Twenty years ago I owned my first dog. Two, in fact.
But I don’t own a dog now. And I won’t ever own one again.
Being a Dog Owner
When I read Alice Walker’s essay in The Bark’s Dog Is My Co-Pilot: Great Writers on the World’s Oldest Friendship, about bringing home her first dog, Marley, I got it. Deep in my bones, I felt the truth of her words.
Walker wrote about how she could not call herself Marley’s owner. Being the descendent of slaves, the idea of owning someone she was building a relationship with didn’t feel right.
And I don’t feel that “ownership” describes how I feel about Honey.
Yes, I know that legally I am her owner. That the rights I have under the law are property rights. But if I try to call myself her owner, the words stick in my throat.
These ideas make writing Something Wagging This Way Comes challenging at times. I struggle for words. I use the phrase “dogs we live with” or something like that instead of dog owner.
Is it important?
Honey doesn’t care. Most people I meet would wonder why I was making such a big deal over such a dumb thing. But words are important. And the words I use affect how I feel.
Honey Never Heels
Honey and I will never earn obedience trophies.
I admire teams that compete together. Rally and obedience work is a great way to build a bond and give a person and her dog skills to work on.
But I’m not into technical precision when Honey and I are walking. We just need to be paying enough attention to each other to have an enjoyable walk.
When I need her to come closer so we can pass an obstacle or give someone room on the sidewalk, I tell her “with me” and Honey walks alongside me. When I say, “go sniff,” she is free to leave my side and continue walking where she wishes.
What’s the difference between asking Honey to heel or saying “with me?”
I guess it comes down to tone. I can sing out “with me.” But heel always sounds like a command. Try it. Try saying “heel” in a friendly, lilting tone of voice. You can’t do it, can you?
It’s precise, it’s quick. It isn’t friendly.
And that’s okay. Once again, your dog doesn’t care what words you use.
But I feel like our walk is more fun if I use verbal cues that sound friendly.
Does anyone call their dog by his name?
When I need her to pay attention, I call my pup Honey. But the rest of the time, she’s H-Boo, Fuzzy, Pooder Girl, Wooly Boo, Sweetie, Lil Blonde Girl, Cutie Patootie, or something else.

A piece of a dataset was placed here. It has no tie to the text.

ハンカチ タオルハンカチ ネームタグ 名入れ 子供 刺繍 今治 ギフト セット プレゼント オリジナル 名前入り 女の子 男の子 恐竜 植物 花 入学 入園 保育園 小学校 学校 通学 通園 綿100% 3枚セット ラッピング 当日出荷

When my husband is being affectionate with Honey, he calls her Dummy. I have no idea why.
He says it very gently and with a lot of love. But I don’t know why he has to use that word.
It reminds me of when my sister started dating the man she later married. After spending the weekend with my family, he told her, “Your family is mean.”
You see, I’m related to a bunch of “teasers.” We don’t hug and kiss and say “I love you” all the time. We show our affection by teasing. And we let someone know we consider them part of the family by including them in our teasing.
But hearing Bob’s comment, I knew he was right. And I thought back to times in my life when I could have used some comfort but was teased instead. Just because it’s meant with affection doesn’t mean it always feels good.
Once again, Honey doesn’t mind being called Dummy. She’s having fun with Mike and she’s happy for the attention. But I feel weird listening to it.
Words Have Power
Words define us. That’s why the U.S just elected 20 women to the Senate, not 20 girls or ladies.
And words can change our moods. I’ve learned to tell myself, “I feel sad” instead of “I am sad.” For some reason, “I feel sad” describes a temporary event. While “I am sad” is just the first statement followed by “I’m always sad,” “I never do anything right,” and “I’m such a loser.”
So even though Honey doesn’t care if I “own” her or if I ask her to “heel” or walk “with me,” it matters to me. It makes me feel differently depending on the words I’m using. And my feelings affect my relationship.
So you can own a dog if you want to. It doesn’t matter to me.
But I don’t own a dog. And I’ll never own one again.